§ **Exercise brief**
Leave the pictures aside. Retype exactly the lines from the top of the data below through the one holding "The main reason".

Collected data entries

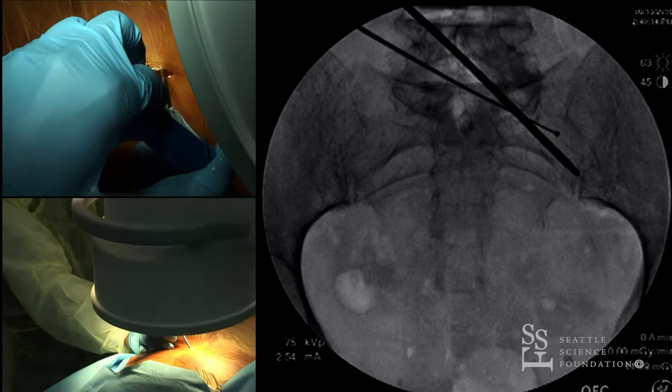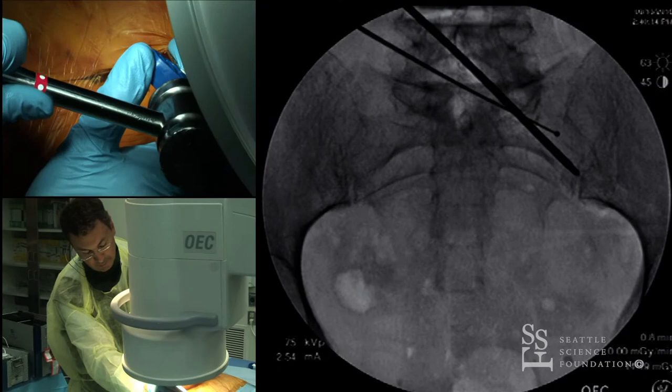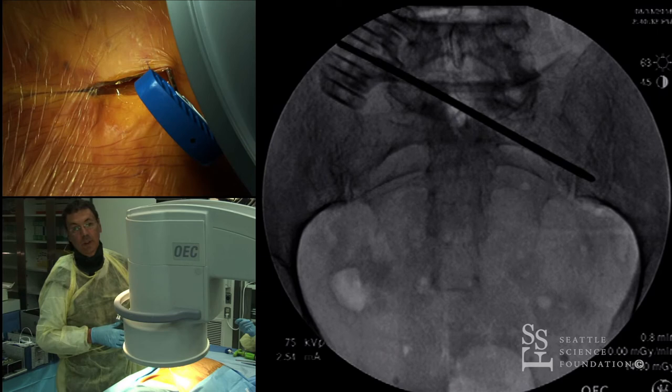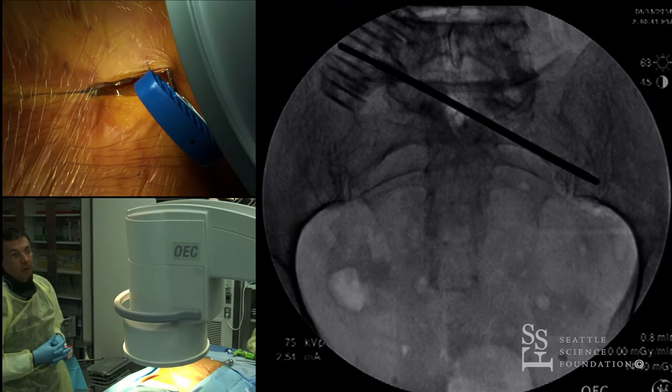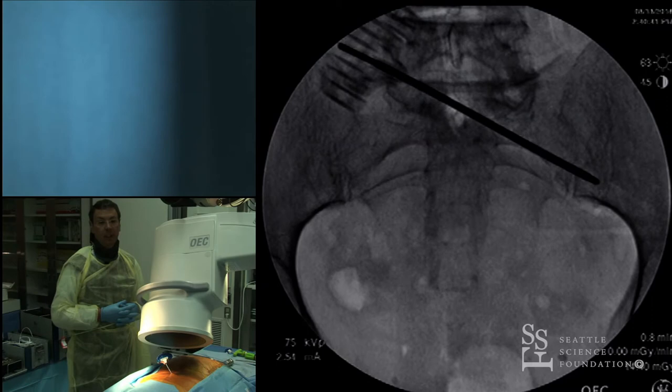Once you get there, make sure you feel that you are in the iliac pillar, then start establishing your entry point. First, confirm you are not getting into the sciatic notch. As seen here, once you've crossed the joint you're in the iliac bone itself. Then look for the teardrop image — you need two images: the inlet view at five to ten degrees, and the teardrop view.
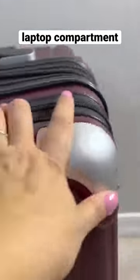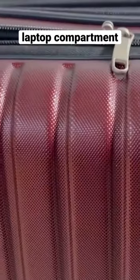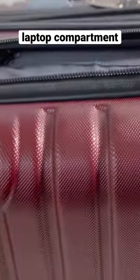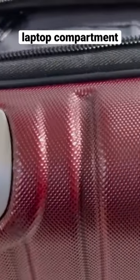The main reason I got it was for this front part, which is for my laptop. I was putting my laptop in my personal bag and it was just too heavy when I had to carry it without my luggage, so I went ahead and found this one that is specifically designed to put a laptop in front.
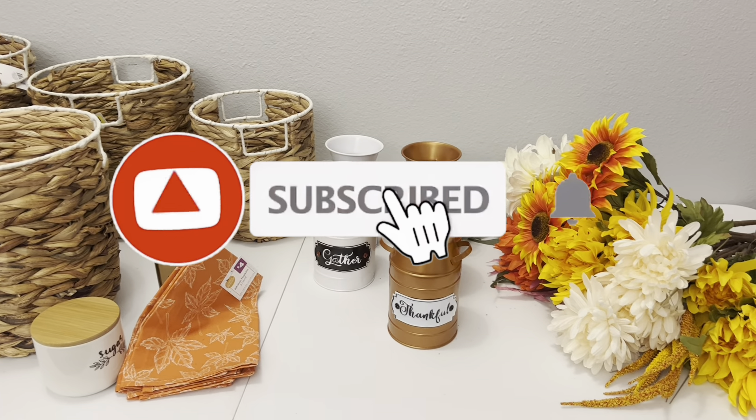If you like this video, go ahead and give me a thumbs up. Don't forget to hit that subscribe button and click the notification bell so you'll be notified every time I upload a video. I wish you guys a wonderful day and I will catch y'all in the next one!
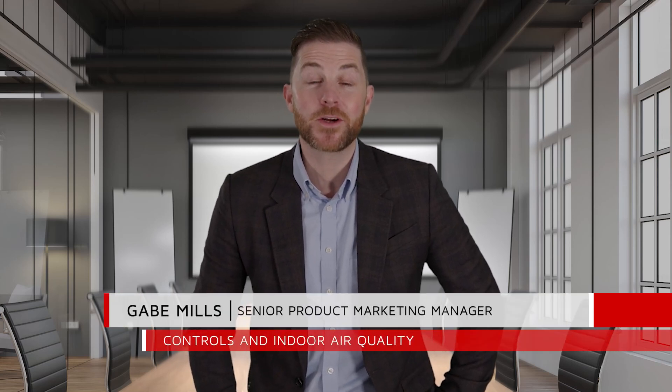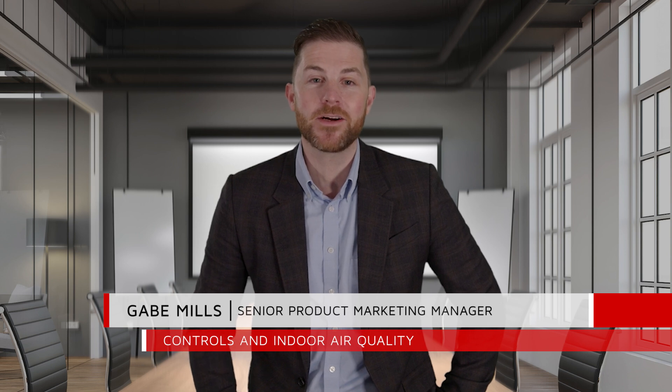Hi everybody, my name is Gabe Mills and I'm the Senior Product Marketing Manager for Controls and Indoor Air Quality here at Lennox. We're excited to share the release of one of our latest products, the Refrigerant Detection System.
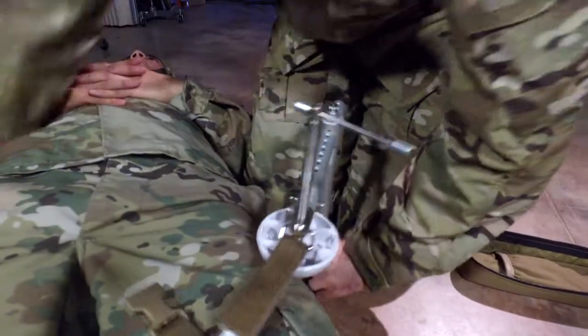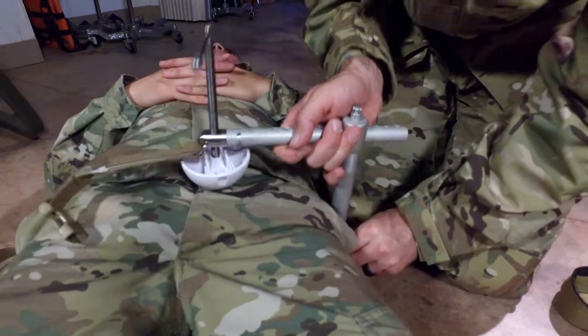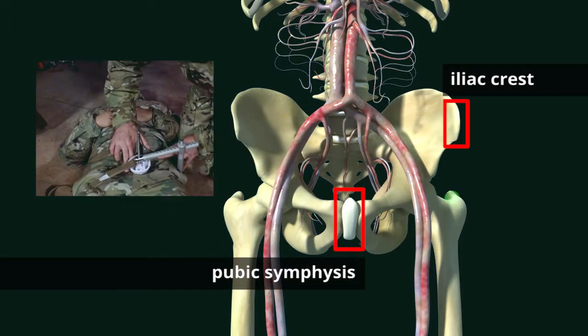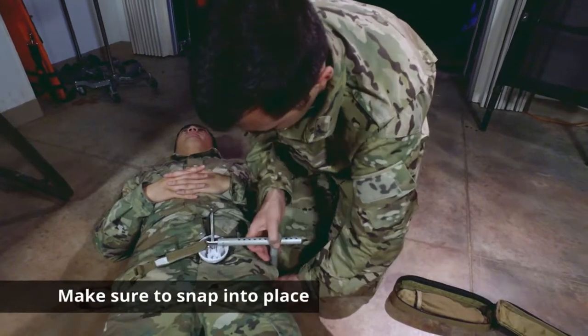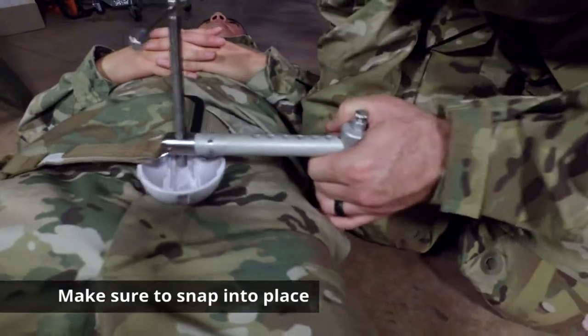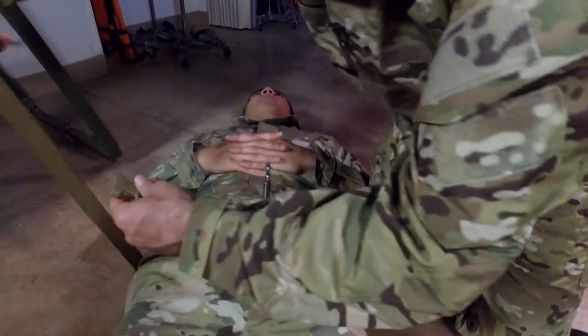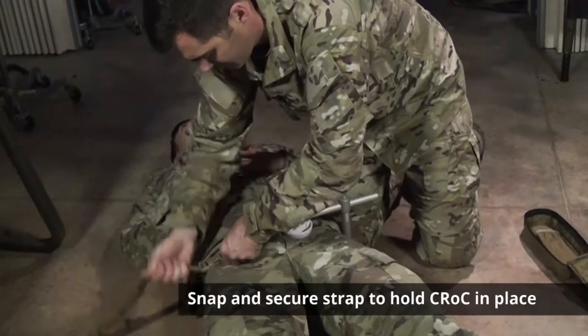Put the base right underneath the butt. We can adjust further — bring it in to the patient. Figure out where your landmarks are: iliac crest and pubic symphysis. Make sure to snap it into place and adjust it to your patient.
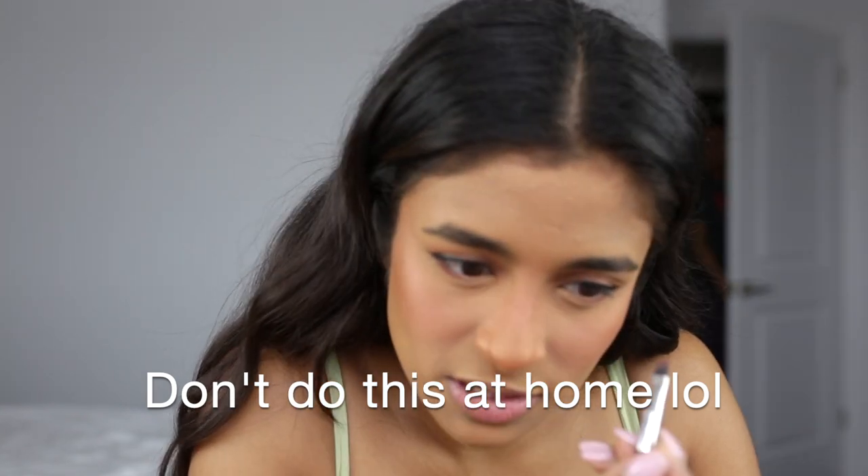My bottom lash line is done — I wanted to keep with the monotone rosiness of the whole look. Now I'm gonna curl my lashes and put some mascara on using a regular lash curler. The mascara I'm using is the Covergirl Exhibitionist in the waterproof formula. It's not bad for a waterproof formula and isn't difficult to take off, especially with a makeup removing balm or oil cleanser. For my bottom lashes I just use whatever dry mascara I have — this one is the Clinique High Impact mascara.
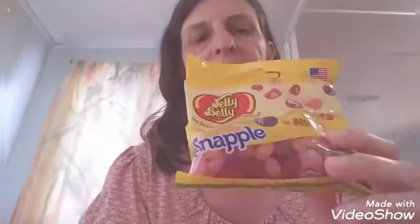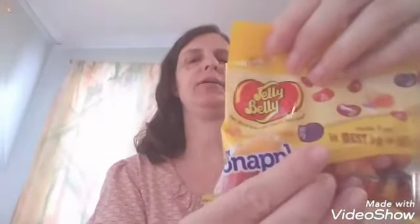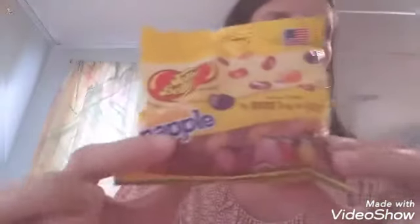This is Suzanne with Suzanne's Blogs, and today I am trying out Jelly Belly Snapple. We have Fruit Punch, Mango Madness, Cranberry Raspberry, Pink Lemonade, and Kiwi Strawberry.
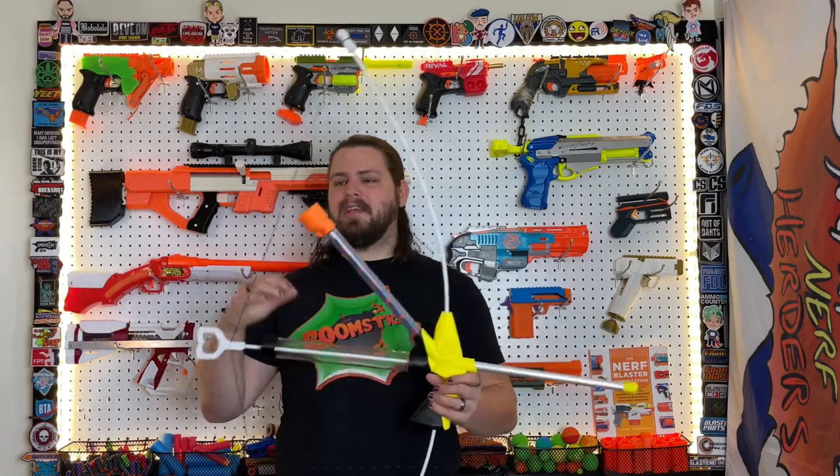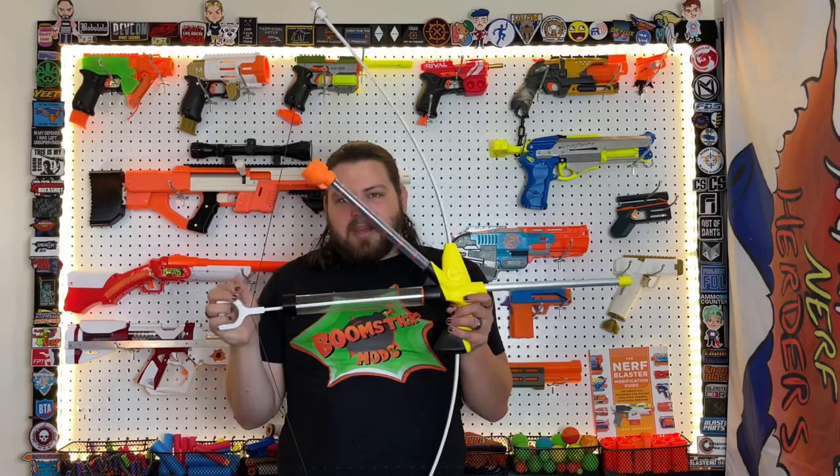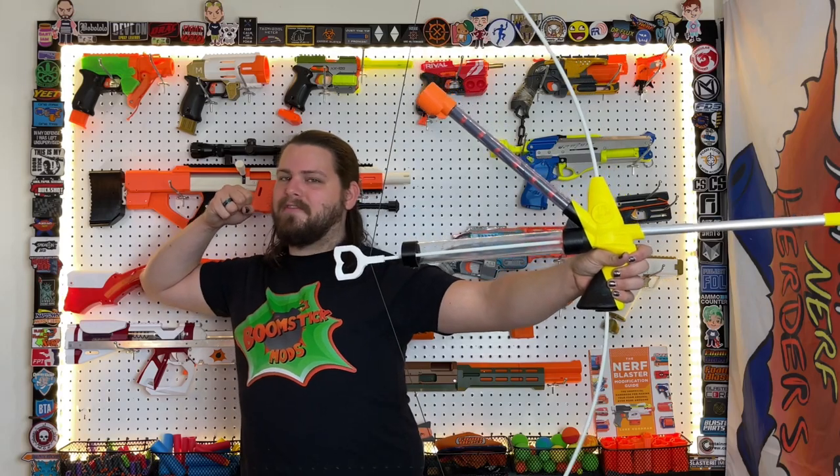One of the bigger cons is the fact that it is big. While it's not heavy, it is bulky, and it makes it a little harder to move around with. Ducking behind small cover with this is not easy. And since there's no stored energy, you do have to hold that drawn pose until you're ready to fire. If you don't think this is your style, maybe skip this one. But it is a very good blaster that's a lot of fun — just more of a niche style blaster.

§ **Task result**
Once you get there, make sure you feel that you are in the iliac pillar, then start establishing your entry point. First, confirm you are not getting into the sciatic notch. As seen here, once you've crossed the joint you're in the iliac bone itself. Then look for the teardrop image — you need two images: the inlet view at five to ten degrees, and the teardrop view.
The main reason I got it was for this front part, which is for my laptop. I was putting my laptop in my personal bag and it was just too heavy when I had to carry it without my luggage, so I went ahead and found this one that is specifically designed to put a laptop in front.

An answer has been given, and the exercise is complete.